Des élus à la recherche  de solutions

Ce phénomène a des conséquences beaucoup plus larges et la situation devient problématique pour les employeurs, qui peinent à recruter. À Quiberon, par exemple, loger les emplois saisonniers est un vrai défi. Même son de cloche à Belle-Île où les difficultés du logement se répercutent sur l’emploi, jusqu’à l’hôpital.

Saisis par leurs jeunes administrés, de plus en plus d’élus peinent à trouver des solutions. “Il fut un temps où nous faisions beaucoup pour attirer les jeunes actifs, aujourd’hui, il nous faut réfléchir aux moyens de garder nos jeunes et les aider à se loger.“, explique ce maire d’une commune du sud Finistère.

C’est une violence sociale

Les jeunes, ainsi confrontés de plein fouet à la rareté et au prix des logements, se tournent alors vers le logement social.

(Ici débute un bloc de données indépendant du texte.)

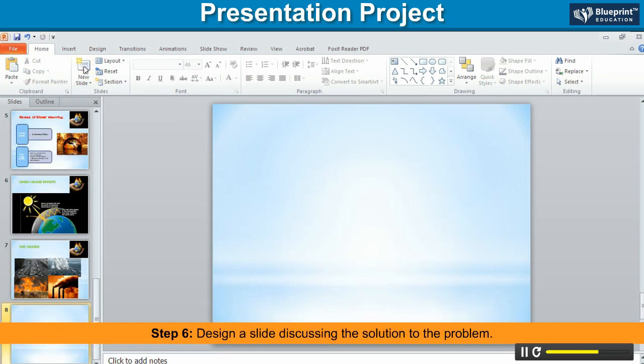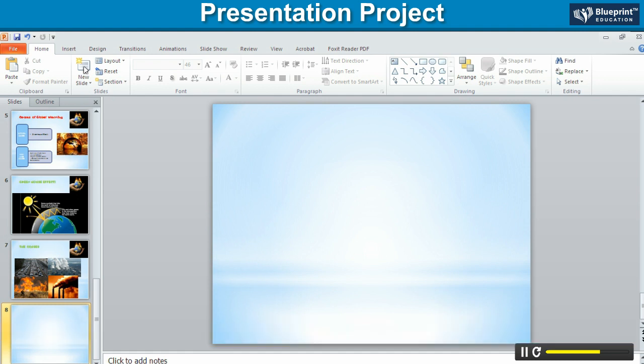Step 6. Design a slide discussing the solution to the problem.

C’est ce qui a poussé le Groupe LB Habitat à travailler avec les communes sur une approche plus globale. “Ces prix, qui s’envolent, induisent une forme de violence sociale. Les jeunes sont obligés de s’installer loin de leur famille, de leurs amis. Quand il faut faire 40 minutes de voiture pour se retrouver, cela mène souvent à des situations d’isolement“, explique Jeremy Bordignon, le directeur adjoint du Groupe LB Habitat. Pour le bailleur social, “il n’y a pas de remède miracle aux maux du logement des jeunes, mais en regardant le problème avec méthode, confiance et parfois un peu d’audace, nous trouvons ensemble des solutions.

VIDEO – Découvrez comment le Groupe LB Habitat a répondu à la demande M. Hellec pour son projet de logement.

S’adapter à chaque situation

Dans sa démarche, le Groupe LB Habitat applique la même méthode que lorsqu’il est saisi de la problématique de la mise en accessibilité des logements. “La question du « logement des jeunes » ne dit rien de la diversité des situations, ni de la variété des parcours résidentiels. Le jeune est un mot tiroir dans lequel on range pêle-mêle, jeunes sans-abris ou vivant en squat, « jeunes » souhaitant quitter le domicile familial et qui accèdent à un premier logement, « jeunes » familles monoparentales en rupture familiale, « jeunes » actifs en mobilité professionnelle… Les réponses que nous nous efforçons d’apporter doivent pouvoir s’adapter à chaque situation et réellement répondre aux spécificités des besoins de cette population.”